_Dataset extract_.
++++++++++

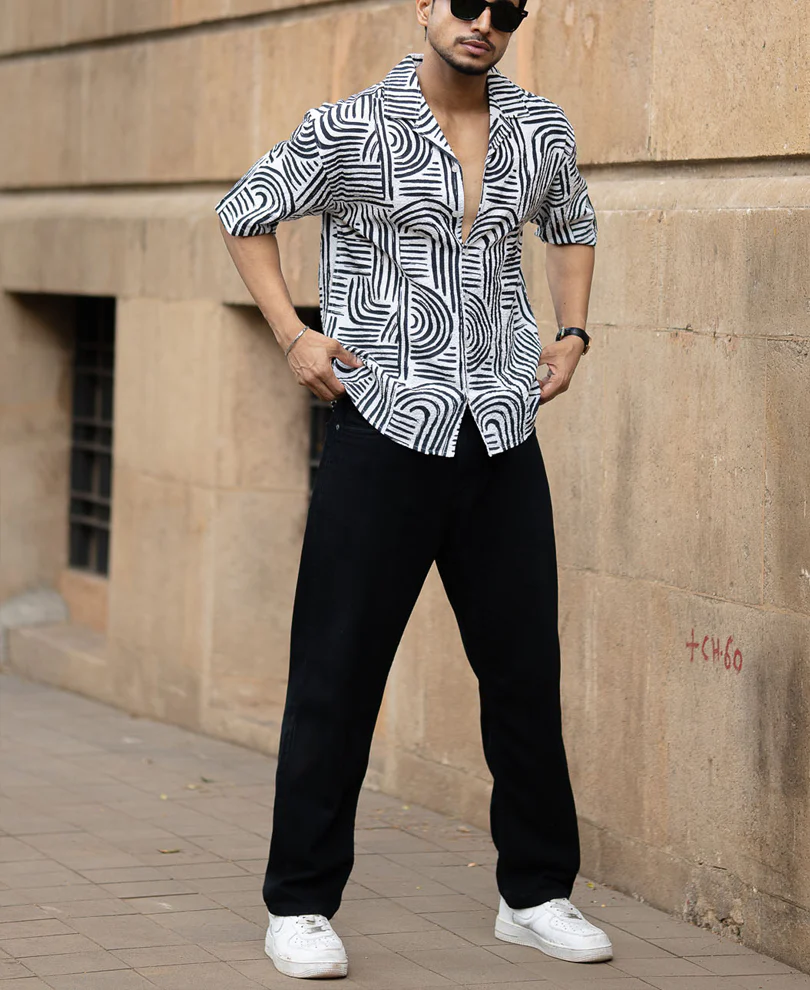 Black Abstract Lines Printed Shirt - Image 6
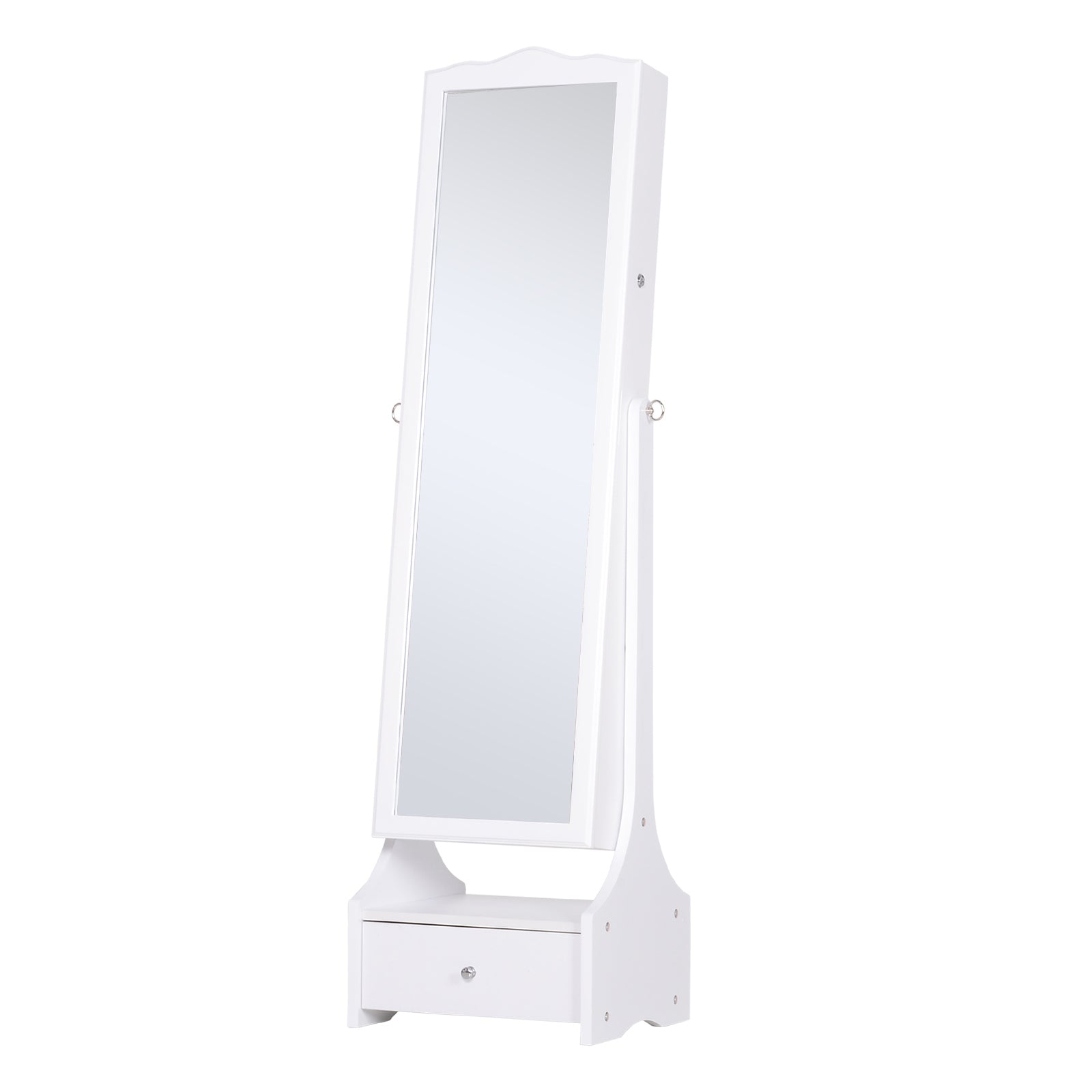 Easycomfort LED Portagioie Armadio per Gioielli with Specchio with Base a Cassettiera cassetto Organizzatore Gioielli e Accessori 45x36x150 cm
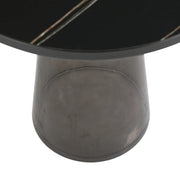 Tully 19-Inch Round Glass/Stone Side Table with Iron Rim Frame and Glass Base - Elax Furniture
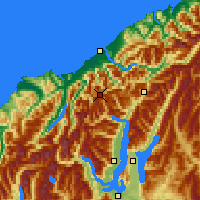 Nächste Vorhersageorte - Mt.Aspiring NP - Karte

++++++++++

_Assignment_. Keeping every word as it is, write out all the data and omit the pictures.

_Output of the exercise_.
 Black Abstract Lines Printed Shirt - Image 6
 Easycomfort LED Portagioie Armadio per Gioielli with Specchio with Base a Cassettiera cassetto Organizzatore Gioielli e Accessori 45x36x150 cm
 Tully 19-Inch Round Glass/Stone Side Table with Iron Rim Frame and Glass Base - Elax Furniture
 Nächste Vorhersageorte - Mt.Aspiring NP - Karte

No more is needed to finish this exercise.